When you submit an article, add it to your spreadsheet and put it in your Submitted folder. When you receive a reply, update your spreadsheet and move your article to the Accepted or Recycle folder. Notice you don’t have a Rejected folder. All items that aren’t accepted can be pitched elsewhere or potentially revised and resubmitted. If an article is in your Recycle folder, it’s one that can be reused.
Using the Spreadsheet
Most of the columns are self-explanatory: Article Name, Publication, Submit Date, etc. Two columns warrant discussion: Pics Sent and Notes.

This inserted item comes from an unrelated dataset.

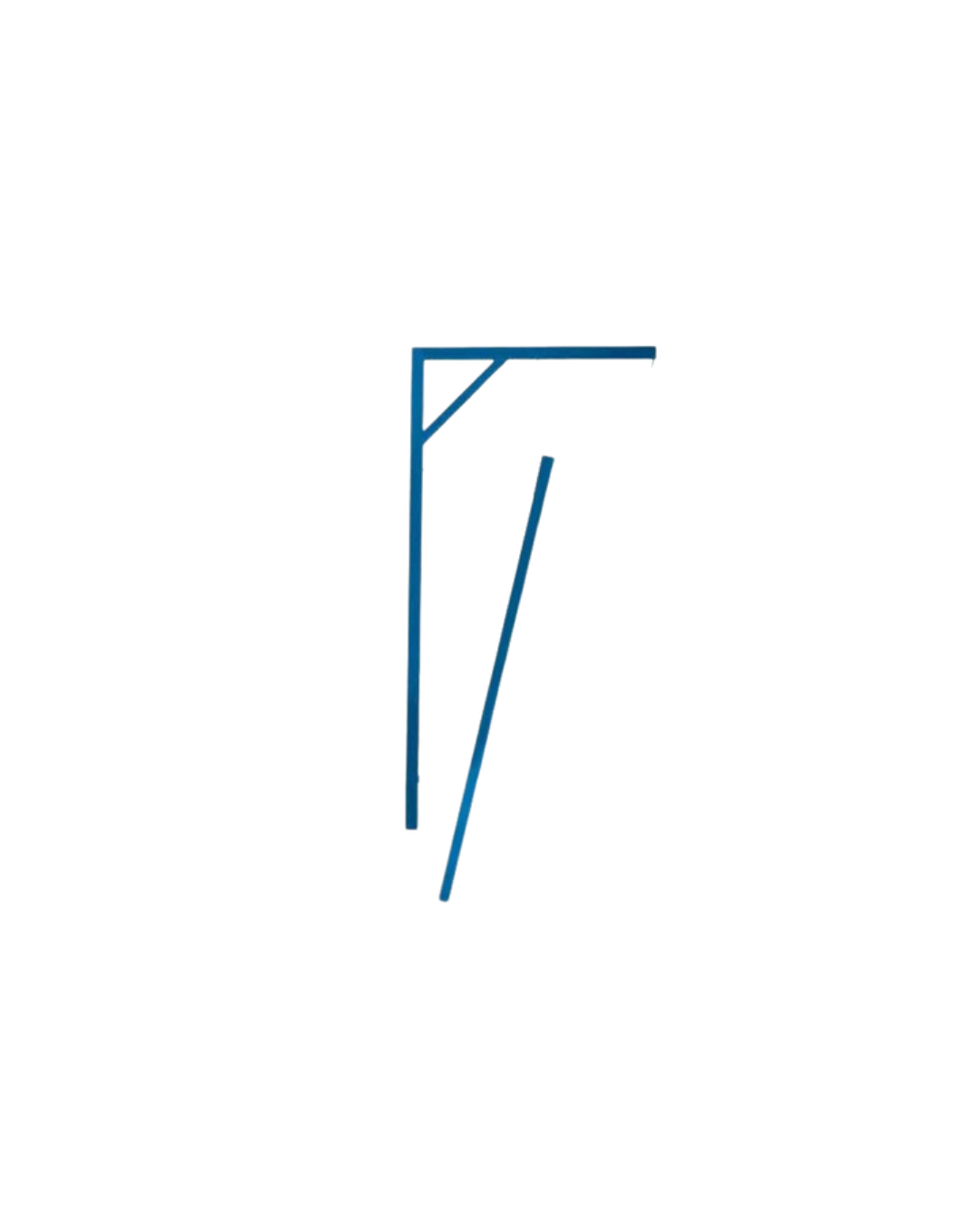 Diagrama azul de una estructura en forma de soporte, con una línea en ángulo.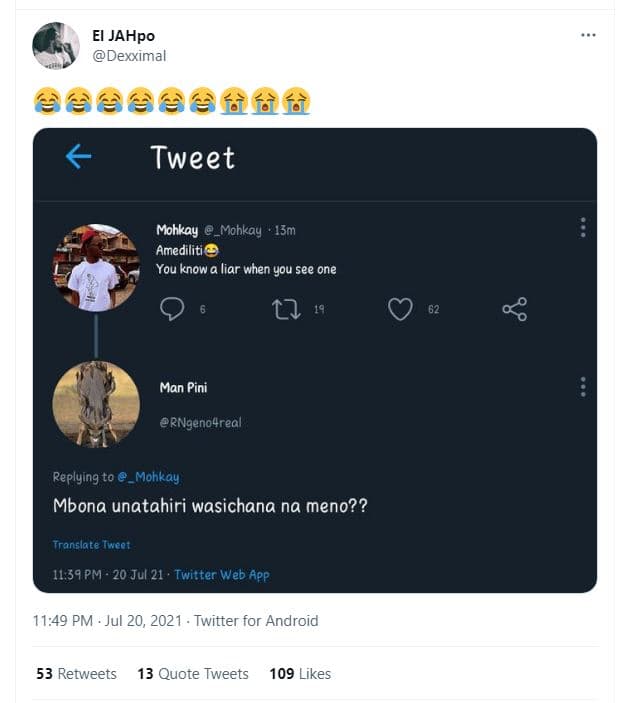 El jahpo dexximal aefàfàfà tweet mohkay _mohkay 13m amediliti you know liar when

Pics Sent – In this column, list what pictures you submit and add them to your Photos folder. If you collect pictures elsewhere on your computer, don’t move those to this Photos folder. The only pictures you want here are your author headshots and those that correspond to a specific article. A word about headshots: create a simple naming system for your options. For me, I use Cynthia Owens 1, Cynthia Owens 2, etc. In my Pics Sent column, I abbreviate this to CO-1.
Notes – In this column, add items such as the name of the receiving editor, the date by which you should have heard a response, whether rejected pieces receive a response, and any other details that may help you. When you review your spreadsheet, you’ll see a blank space in your Outcome column and can check your Notes to see what steps to take next.
Special Cases – Revisions
If an editor asks for revisions, you’ll want to take some specific steps.

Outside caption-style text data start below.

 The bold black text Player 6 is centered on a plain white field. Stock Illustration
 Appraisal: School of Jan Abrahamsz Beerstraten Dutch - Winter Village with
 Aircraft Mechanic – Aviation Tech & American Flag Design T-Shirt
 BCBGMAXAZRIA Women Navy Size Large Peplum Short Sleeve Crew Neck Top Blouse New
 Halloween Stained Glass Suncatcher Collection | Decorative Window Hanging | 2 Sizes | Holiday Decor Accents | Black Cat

- Make a new entry on the spreadsheet.
- Put “Revision” in the Notes column of this new entry and add any pertinent details. This shows you the number of times you redo a piece as well as the types of things editors want you to revise. Periodically, review your Revision notes to know where you should focus to improve your writing craft.

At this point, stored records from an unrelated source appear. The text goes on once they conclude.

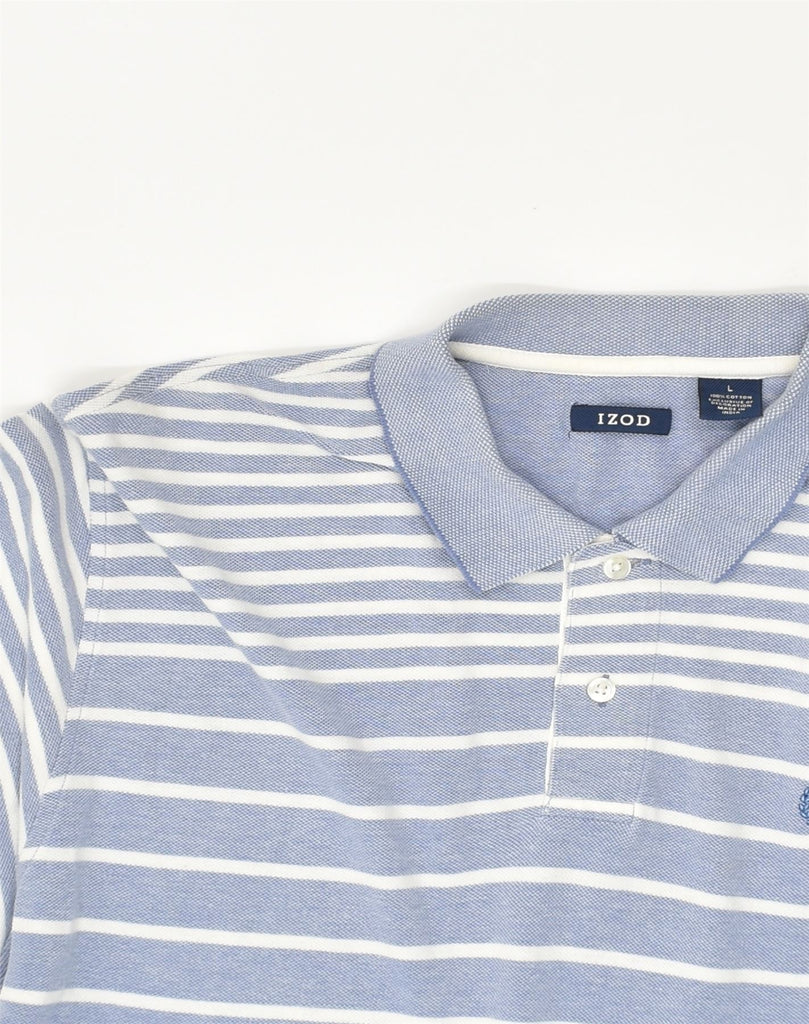 IZOD Mens Polo Shirt Large Blue Striped Cotton | Vintage Izod | Thrift | Second-Hand Izod | Used Clothing | Messina Hembry 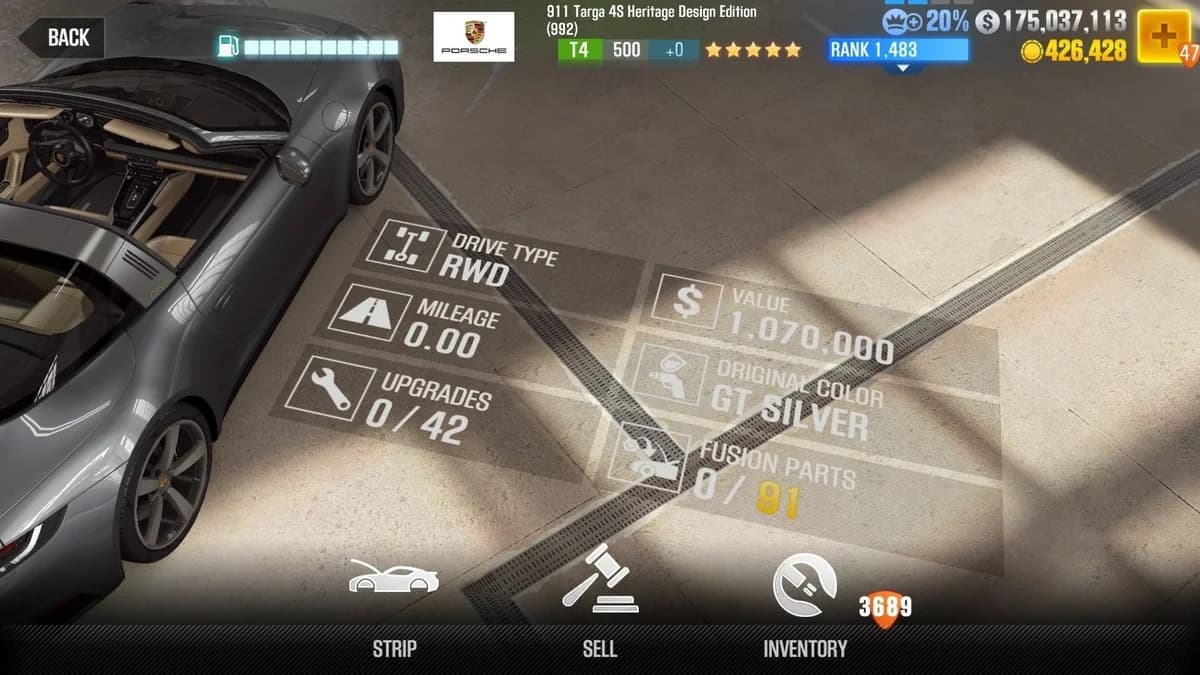 Porsche 911 Targa 4S Heritage Design Edition (992) CSR2 fusion parts and upgrade breakdown, tier 4 gold star car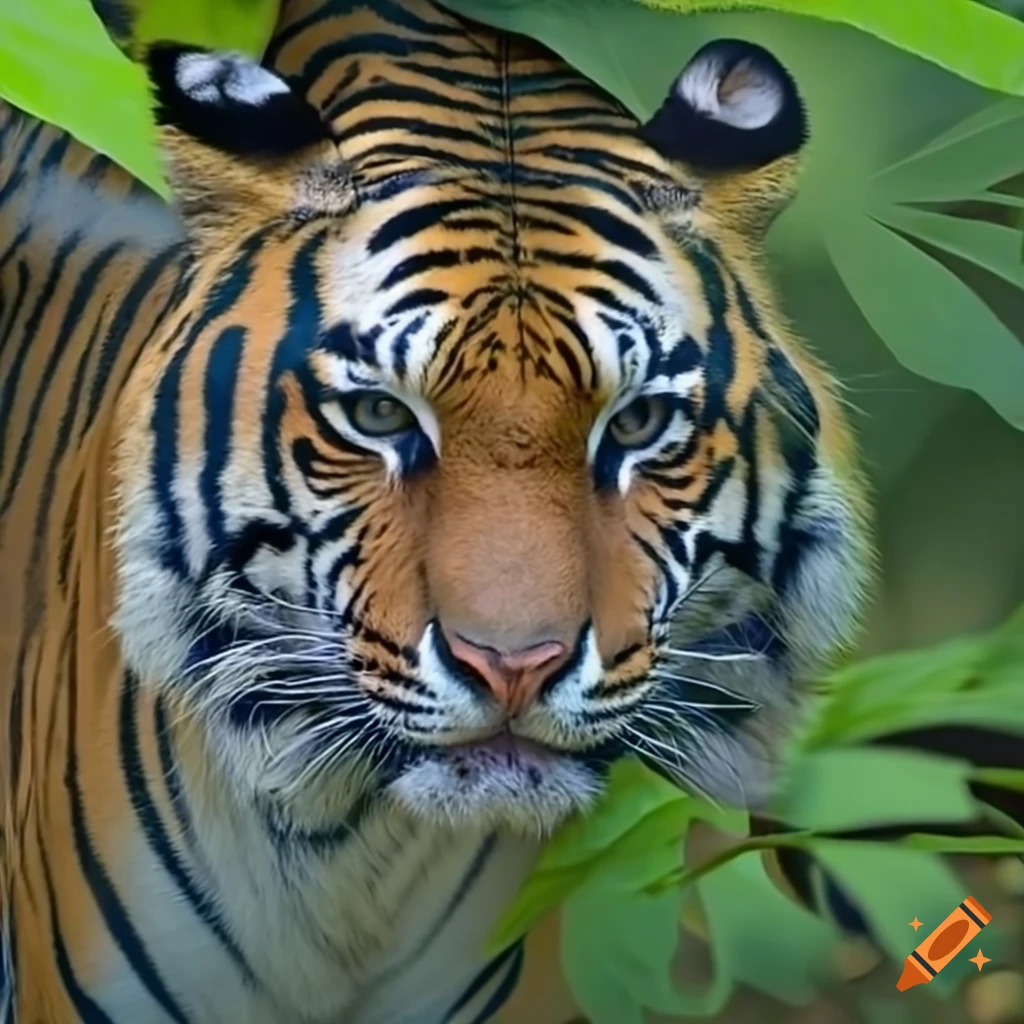 close-up of a tiger in dense vegetation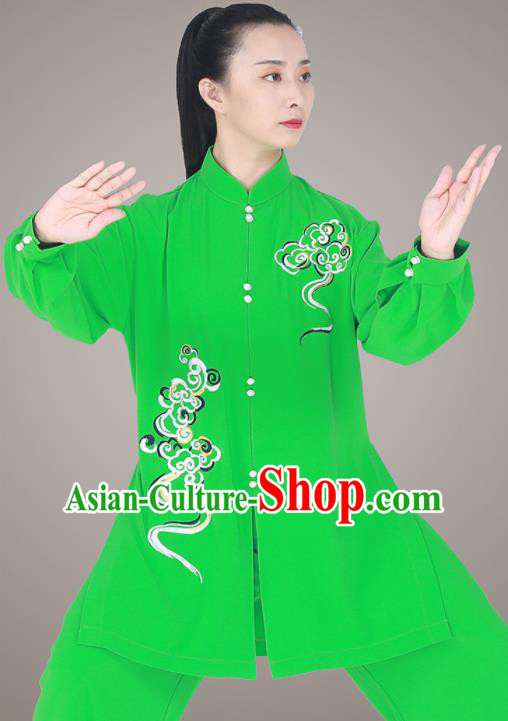 Chinese Tai Chi Green Outfit Top Kung Fu Costumes Tai Ji Competition Uniform Martial Arts Competition Clothing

- Keep the article name the same but add R1 (or 2 or 3) at the end of the title. Example: The Power of Dialogue becomes The Power of Dialogue-R1.
- Put the revised article in your Submissions folder and leave the original article there as well.
- When the editor makes a final decision, move all versions of the article to the appropriate folder—Accepted or Recycle. You’ll know which was the most revised work because it will be the last piece in the group.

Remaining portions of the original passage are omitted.